#### Given data:

--- START ---

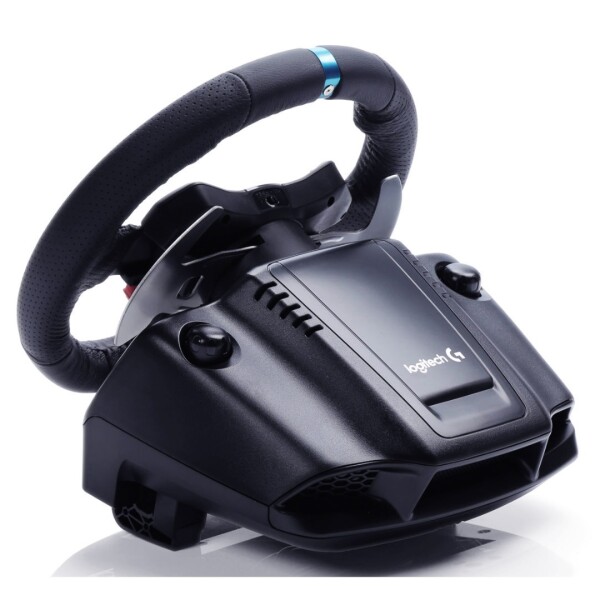Logitech G29 Driving Force Volante + Pedalera VOLANTE LOGITECH G29 PS3 PS4 PC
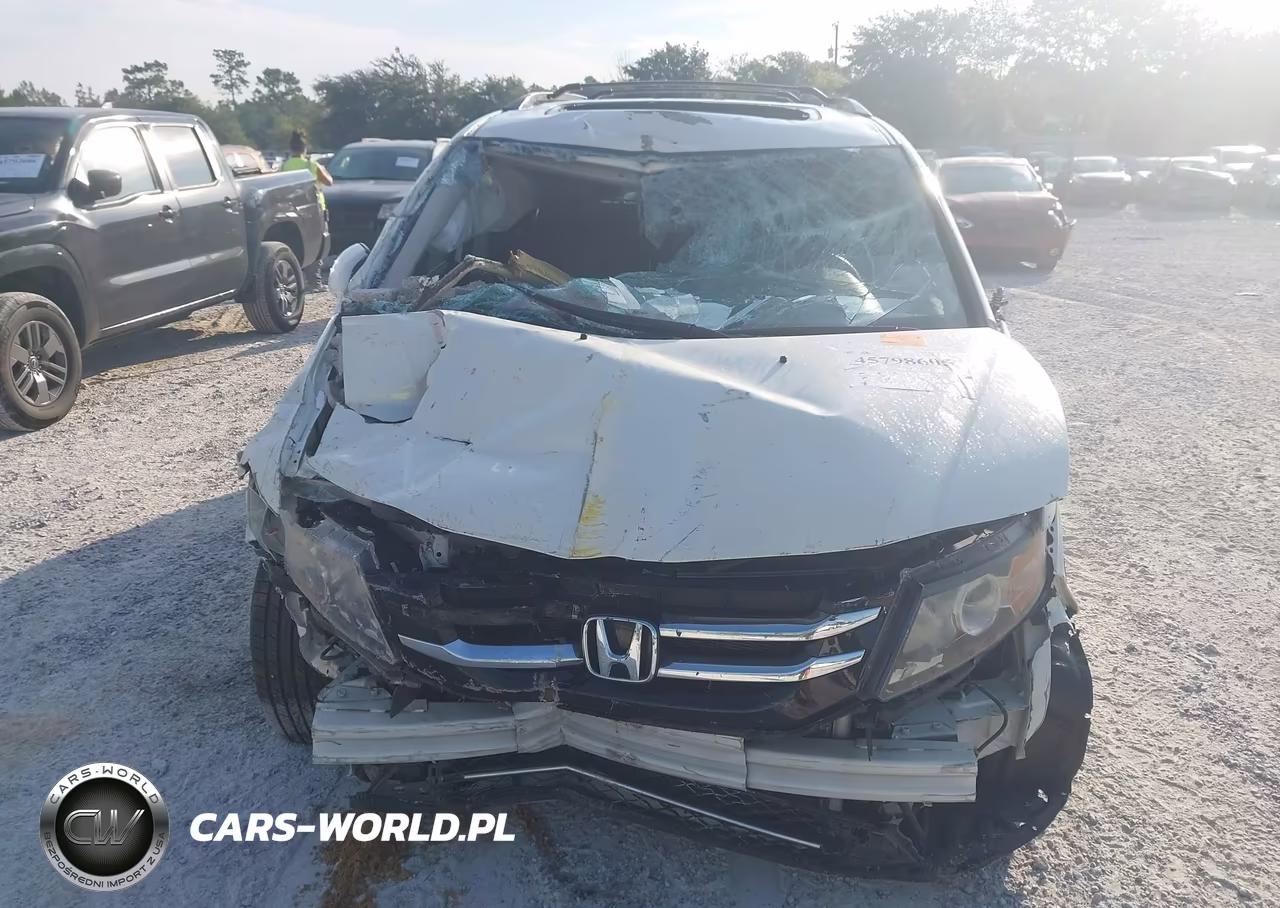 2016 Honda Odyssey Ex-L VIN:5FNRL5H68GB093981 - 12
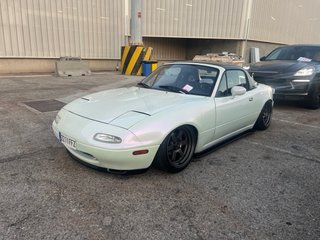 Mazda MX-5 1989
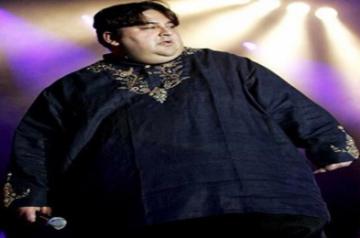 Adnan Sami turned 'hugely fat person' due to excessive eating.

--- END ---

#### Your assignment:
From the line containing "2016 Honda Odyssey" down to the final line of the listing above, write out only those lines exactly as they are, minus the pictures.

#### Exercise response:
 2016 Honda Odyssey Ex-L VIN:5FNRL5H68GB093981 - 12
 Mazda MX-5 1989
 Adnan Sami turned 'hugely fat person' due to excessive eating.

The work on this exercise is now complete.